County of Spokane v. United States
Headline: Federal tax claims take priority over county tax claims in receivership funds; Court affirmed that federal taxes assessed after a receiver’s appointment outrank later county assessments, reducing county recovery from sale proceeds.
Holding: The Court held that federal tax claims take priority over county tax claims against funds held by a receiver when the federal taxes were assessed after the receiver was appointed.
- Federal tax claims can exhaust receivership funds before county collections.

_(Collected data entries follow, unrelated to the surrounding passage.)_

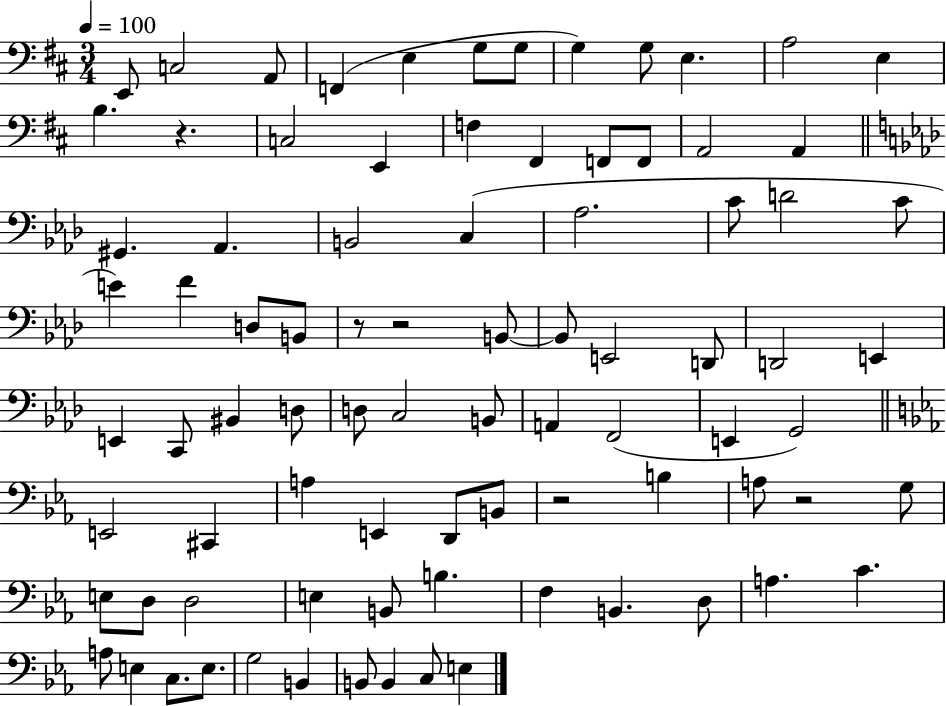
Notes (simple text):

E2/e C3/h A2/e F2/q E3/q G3/e G3/e G3/q G3/e E3/q. A3/h E3/q B3/q. R/q. C3/h E2/q F3/q F#2/q F2/e F2/e A2/h A2/q G#2/q. Ab2/q. B2/h C3/q Ab3/h. C4/e D4/h C4/e E4/q F4/q D3/e B2/e R/e R/h B2/e B2/e E2/h D2/e D2/h E2/q E2/q C2/e BIS2/q D3/e D3/e C3/h B2/e A2/q F2/h E2/q G2/h E2/h C#2/q A3/q E2/q D2/e B2/e R/h B3/q A3/e R/h G3/e E3/e D3/e D3/h E3/q B2/e B3/q. F3/q B2/q. D3/e A3/q. C4/q. A3/e E3/q C3/e. E3/e. G3/h B2/q B2/e B2/q C3/e E3/q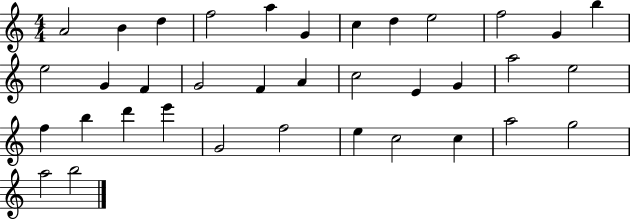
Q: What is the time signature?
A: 4/4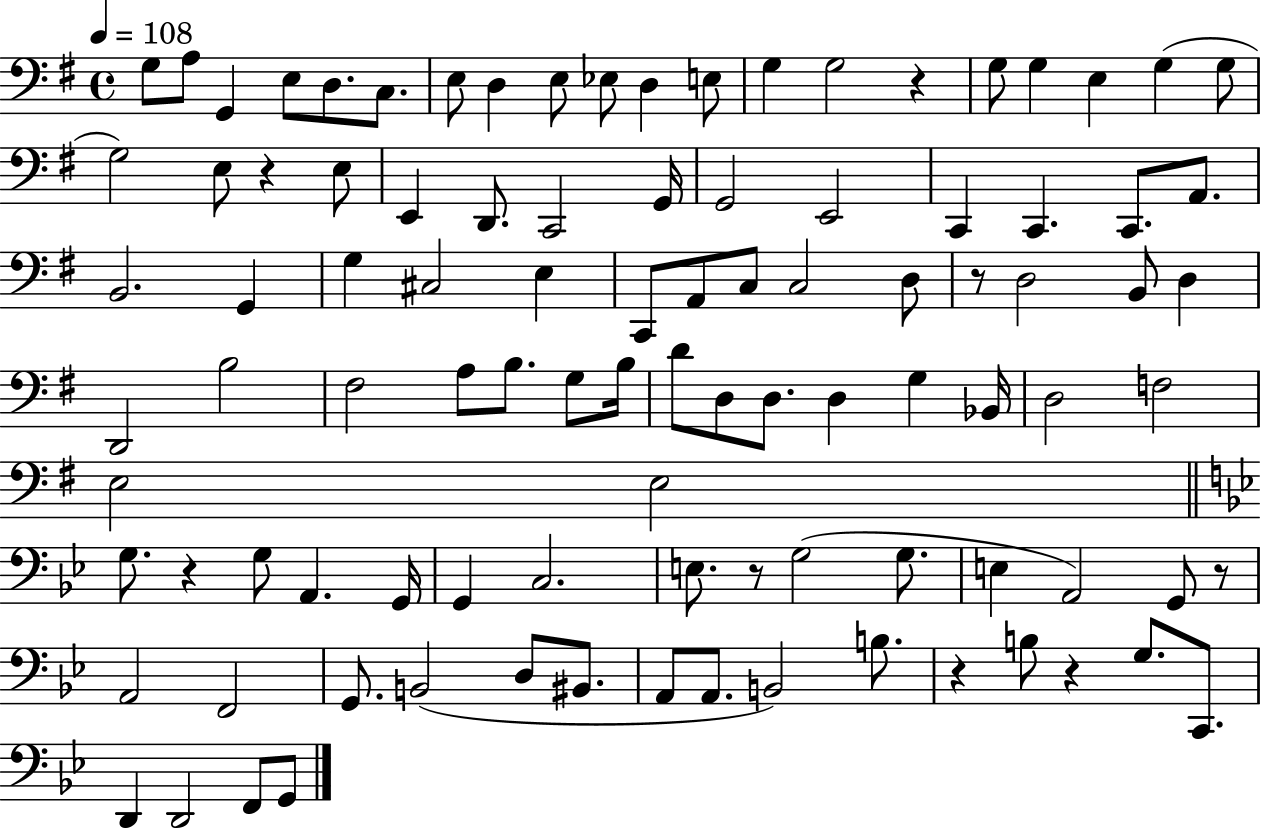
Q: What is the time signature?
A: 4/4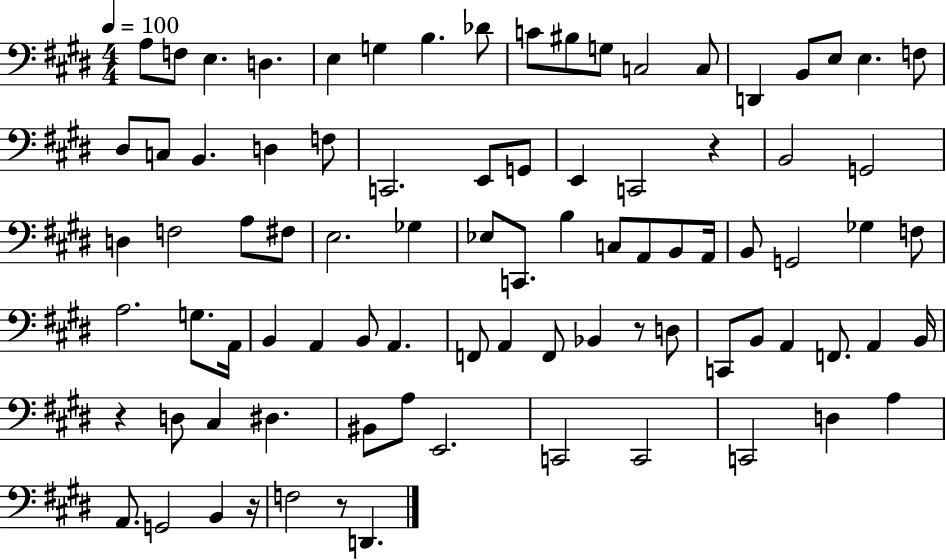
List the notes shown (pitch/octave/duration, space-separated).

A3/e F3/e E3/q. D3/q. E3/q G3/q B3/q. Db4/e C4/e BIS3/e G3/e C3/h C3/e D2/q B2/e E3/e E3/q. F3/e D#3/e C3/e B2/q. D3/q F3/e C2/h. E2/e G2/e E2/q C2/h R/q B2/h G2/h D3/q F3/h A3/e F#3/e E3/h. Gb3/q Eb3/e C2/e. B3/q C3/e A2/e B2/e A2/s B2/e G2/h Gb3/q F3/e A3/h. G3/e. A2/s B2/q A2/q B2/e A2/q. F2/e A2/q F2/e Bb2/q R/e D3/e C2/e B2/e A2/q F2/e. A2/q B2/s R/q D3/e C#3/q D#3/q. BIS2/e A3/e E2/h. C2/h C2/h C2/h D3/q A3/q A2/e. G2/h B2/q R/s F3/h R/e D2/q.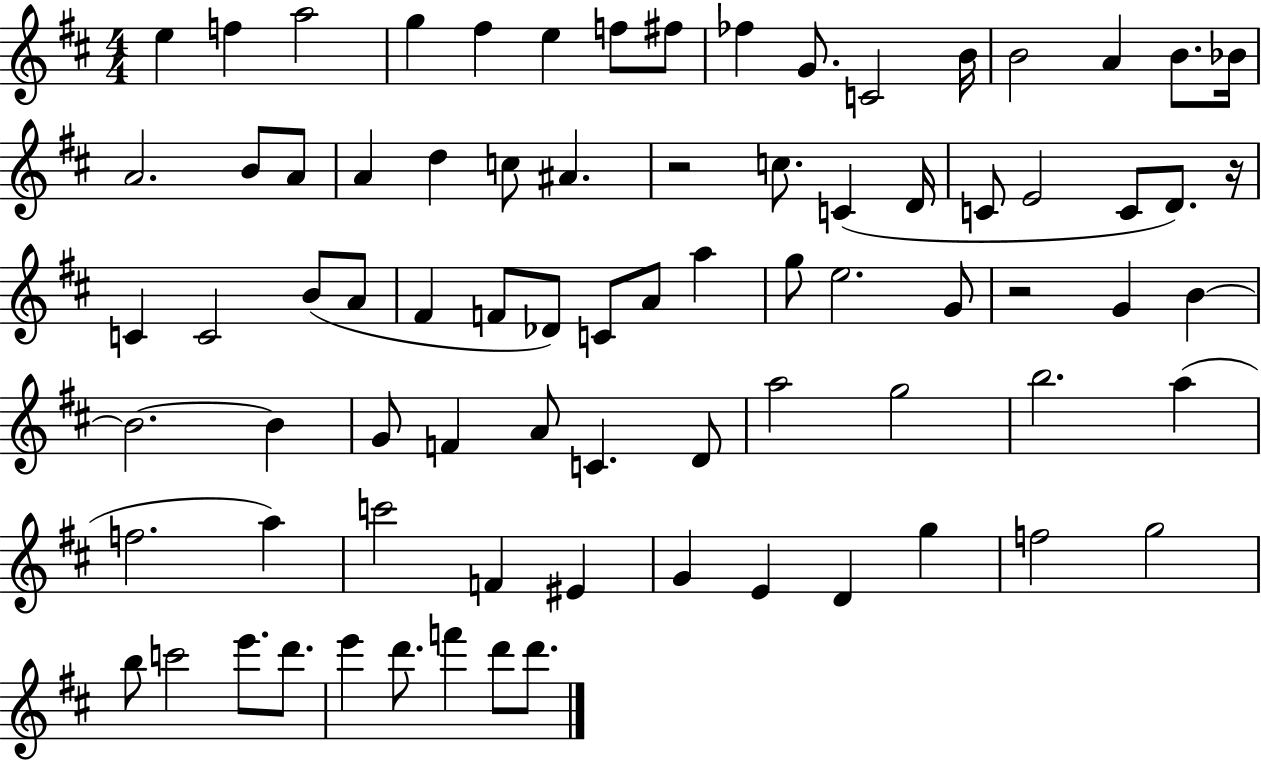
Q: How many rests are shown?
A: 3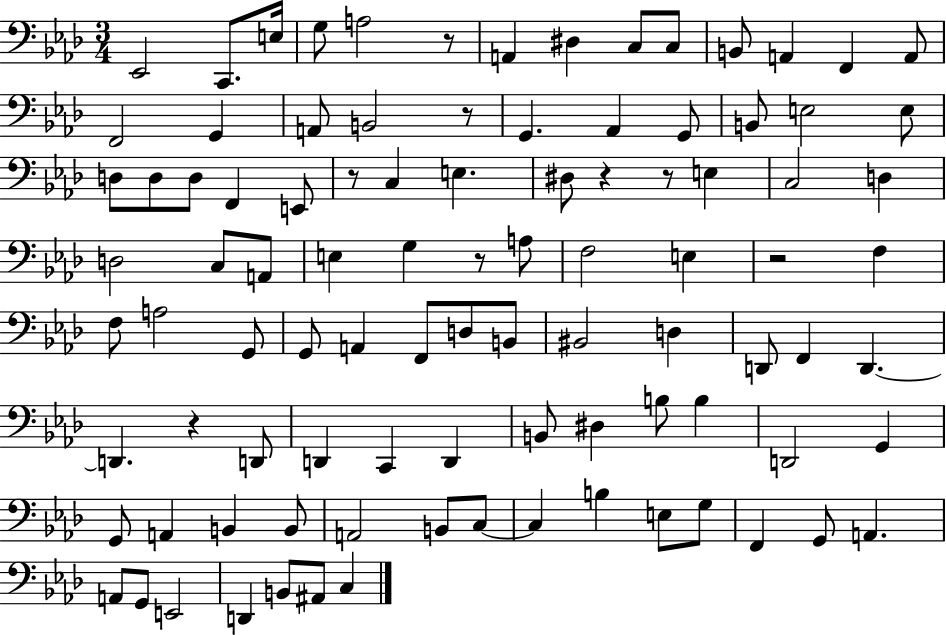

- Reduces counties’ ability to collect later-assessed taxes from receiver-held proceeds.
Summary
Background
A receiver was appointed for an insolvent auto company on August 28, 1922, who sold the company’s personal property and kept the cash in court. Spokane and Whitman Counties had assessed county taxes against the company in 1921 and 1922 that were unpaid. The federal government later assessed income taxes and penalties for 1917–1920 in 1923. Spokane also assessed taxes directly on the money held by the receiver in 1924 and 1926. The receiver’s funds were insufficient to pay all claims, so the courts had to decide who gets paid first.
Reasoning
The Court relied on a long-standing federal law (now called §3466) that gives the United States a first claim on a debtor’s assets when the debtor is insolvent. The Court explained that the government’s priority attaches once a receiver or similar trustee is appointed and that later assessments against funds in the receiver’s hands cannot outrank the earlier federal claim. Because the receiver was appointed in 1922 and the federal taxes were assessed in 1923, the federal claims had priority over the county assessments made on the funds in 1924 and 1926. The Washington Supreme Court’s earlier reversal awarding priority to the United States was therefore affirmed.
Real world impact
The ruling means federal tax claims can exhaust the limited proceeds of an insolvent company before counties collect taxes later assessed on money in a receiver’s hands. State procedures for making a tax a specific lien might change outcomes, but the Court relied on the state court’s view that no such perfected lien existed here.
Dissents or concurrances
A concurring opinion noted both tax debts were treated as personal obligations (not perfected liens) and therefore decided the dispute under the federal priority statute.